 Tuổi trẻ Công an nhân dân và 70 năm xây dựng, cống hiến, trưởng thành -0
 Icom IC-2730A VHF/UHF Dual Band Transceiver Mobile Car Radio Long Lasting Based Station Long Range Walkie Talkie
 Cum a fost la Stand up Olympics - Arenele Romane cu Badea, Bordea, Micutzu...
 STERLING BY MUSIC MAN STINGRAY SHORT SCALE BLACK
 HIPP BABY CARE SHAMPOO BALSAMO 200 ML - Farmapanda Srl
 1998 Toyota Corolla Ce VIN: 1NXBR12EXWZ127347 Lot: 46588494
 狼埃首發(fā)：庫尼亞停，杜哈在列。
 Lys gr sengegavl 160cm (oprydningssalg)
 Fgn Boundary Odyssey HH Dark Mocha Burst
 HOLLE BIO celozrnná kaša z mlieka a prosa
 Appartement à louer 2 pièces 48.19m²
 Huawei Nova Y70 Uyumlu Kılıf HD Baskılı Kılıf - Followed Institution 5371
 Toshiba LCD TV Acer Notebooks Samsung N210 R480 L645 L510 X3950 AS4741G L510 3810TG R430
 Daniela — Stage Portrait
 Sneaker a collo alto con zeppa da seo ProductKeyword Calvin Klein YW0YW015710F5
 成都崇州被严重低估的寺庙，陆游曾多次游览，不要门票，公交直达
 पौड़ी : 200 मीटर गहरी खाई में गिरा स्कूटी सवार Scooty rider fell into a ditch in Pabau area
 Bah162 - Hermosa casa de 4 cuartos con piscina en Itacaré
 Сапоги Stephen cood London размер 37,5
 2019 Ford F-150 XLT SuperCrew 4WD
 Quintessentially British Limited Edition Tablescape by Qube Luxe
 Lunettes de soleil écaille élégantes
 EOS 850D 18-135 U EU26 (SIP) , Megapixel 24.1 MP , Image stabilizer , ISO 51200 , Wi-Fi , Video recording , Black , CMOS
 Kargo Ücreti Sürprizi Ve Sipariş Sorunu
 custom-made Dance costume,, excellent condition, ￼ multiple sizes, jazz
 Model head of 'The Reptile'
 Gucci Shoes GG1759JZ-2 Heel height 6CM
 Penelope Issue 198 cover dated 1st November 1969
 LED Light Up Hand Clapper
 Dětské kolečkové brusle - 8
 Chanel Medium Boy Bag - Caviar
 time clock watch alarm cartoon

WORK TO COMPLETE = What you retype should run from the first line of the entries above through the line containing "成都崇州被严重低估的寺庙，陆游曾多次游览，不要门票，公交直达", exactly and in full.

YOUR SOLUTION =
 Tuổi trẻ Công an nhân dân và 70 năm xây dựng, cống hiến, trưởng thành -0
 Icom IC-2730A VHF/UHF Dual Band Transceiver Mobile Car Radio Long Lasting Based Station Long Range Walkie Talkie
 Cum a fost la Stand up Olympics - Arenele Romane cu Badea, Bordea, Micutzu...
 STERLING BY MUSIC MAN STINGRAY SHORT SCALE BLACK
 HIPP BABY CARE SHAMPOO BALSAMO 200 ML - Farmapanda Srl
 1998 Toyota Corolla Ce VIN: 1NXBR12EXWZ127347 Lot: 46588494
 狼埃首發(fā)：庫尼亞停，杜哈在列。
 Lys gr sengegavl 160cm (oprydningssalg)
 Fgn Boundary Odyssey HH Dark Mocha Burst
 HOLLE BIO celozrnná kaša z mlieka a prosa
 Appartement à louer 2 pièces 48.19m²
 Huawei Nova Y70 Uyumlu Kılıf HD Baskılı Kılıf - Followed Institution 5371
 Toshiba LCD TV Acer Notebooks Samsung N210 R480 L645 L510 X3950 AS4741G L510 3810TG R430
 Daniela — Stage Portrait
 Sneaker a collo alto con zeppa da seo ProductKeyword Calvin Klein YW0YW015710F5
 成都崇州被严重低估的寺庙，陆游曾多次游览，不要门票，公交直达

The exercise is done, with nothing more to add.